Italian art historian and curator, Lavinia Filippi draws parallels between Italian and Pakistani art and her time in Pakistan

“Something important is happening here”

Ever since her arrival in Lahore almost three years ago, Italian art historian and curator, Lavinia Filippi, has been in close contact with contemporary artists of Pakistan. She has written on art practices and exhibitions in various international and Pakistani publications, including Flash Art and ArtNow Pakistan. She has also curated exhibitions that highlighted different aspects of Pakistani art — the most recent being I.D., held at the Islamabad Literary Festival 2014 — and conducted a workshop on Art Povera in the Department of Fine Arts at the National College of Arts in Lahore.

Filippi was associated with the Castello di Rivoli, Museum of Contemporary Art in Turin, Italy.

She is currently co-curating a section on Pakistani art for an exhibition in Italy next month.

The News on Sunday (TNS): Please share your early experiences and exposures to the world of art.

Lavinia Filippi (LF): Art has always been a part of my life. My father’s side of the family has always been interested in archaeology, painting, writing and collecting, but with a rather conservative approach to culture. I am the first one in the family involved with contemporary art — and for this my family is suspicious!

When I started studying art history in Rome, after my BA in Social Sciences at the Ottawa University in Canada, I thought I would write my thesis on the 15th or 16th century art. But during my studies, I discovered that contemporary art was much more alive and exciting. I found the possibility of developing an opinion on an artist and his artwork and be able to discuss it with him/her, while understanding the social, political and economic context it was created in, fascinating.

While at the university, I started writing for the university magazine that I had helped create and soon for many other publications.

I decided to spend some time in New York after my degree to get a better view of the international art scene. I worked in a studio and wrote as a correspondent for some Italian newspapers and specialised magazines.

I received a proposal to open and direct the Roman seat of an international art gallery after a year. So, I moved back to Italy.

TNS: How was the experience of working for the Italian Museum Castello di Rivoli?

LF: After three years at the gallery, I received a job offer as a consultant, anchorperson and correspondent for a TV art show on the Italian National Television (RAI).

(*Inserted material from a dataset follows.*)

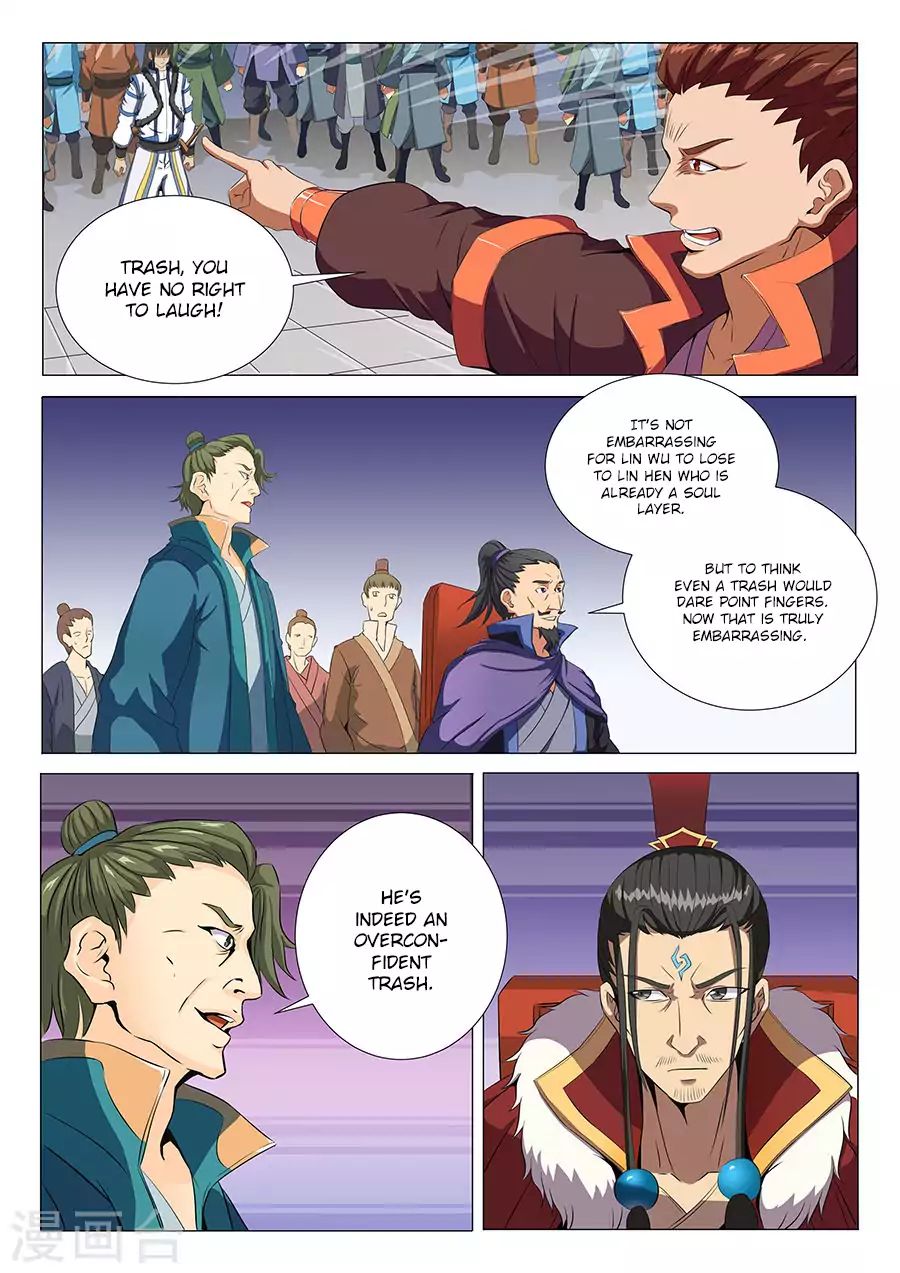 God Of Martial Arts - Chapter 18.2: One Fight To Surprise Them All (2)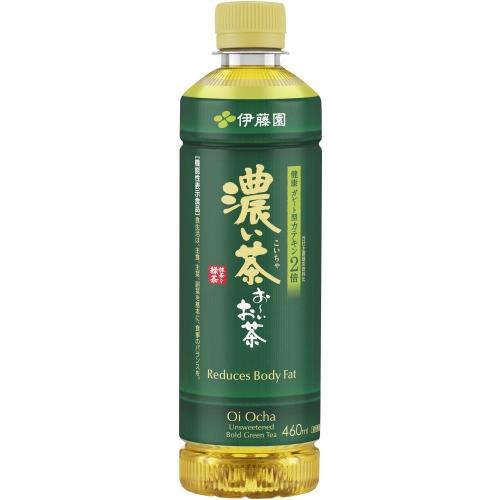 お〜いお茶 伊藤園 濃い茶 460ml ペットボトル 60本 (30本入×2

The director of the TV channel was nominated chairman of the board of directors of the Museum of Contemporary Art, Castello di Rivoli, four years after I had joined the channel. He asked me to be on his team.

Castello di Rivoli is the first Italian museum ever dedicated to contemporary art. Founded 30 years ago in an historical royal residence, the museum faced many difficulties. Despite its permanent collection and temporary shows, it had a limited number of visitors. We decided to innovate to attract more people and spread its content widely, hence castellodirivoli.tv, the first web-TV of a contemporary art museum in Italy was set up.

TNS: How do you perceive the different movements in Italian art, such as Futurism, Arte Povera and Transavanguardia? Do these have links with classical Italian art? Do artists own this tradition or discard it or re-interpret it?

LF: Italian contemporary art is strongly related to the traditional and classical art, from the time Italy didn’t even exist as a modern nation. All three movements you mention above are different from each other yet you can trace a strong connection with the past.

Futurists were actually reacting to the past and wanted to abolish traditions and everything established before them. Arte Povera was a revolutionary movement deep-rooted in the territory, and art installations of the artists were often classical in aesthetic. Transavanguardia was about going back to traditions in means and content.

Hence, no contemporary artist in Italy seems unresponsive or indifferent to history.

TNS: Which brings us to Pakistan. How would you comment on the revival of miniature here?

LF: It’s an interesting phenomenon. For populations with long and rich history, such as Italians and Pakistanis, past is a source of inspiration and, at the same time, limitation — in the sense that one cannot ignore it when defining oneself and finding unity. The past will always re-emerge.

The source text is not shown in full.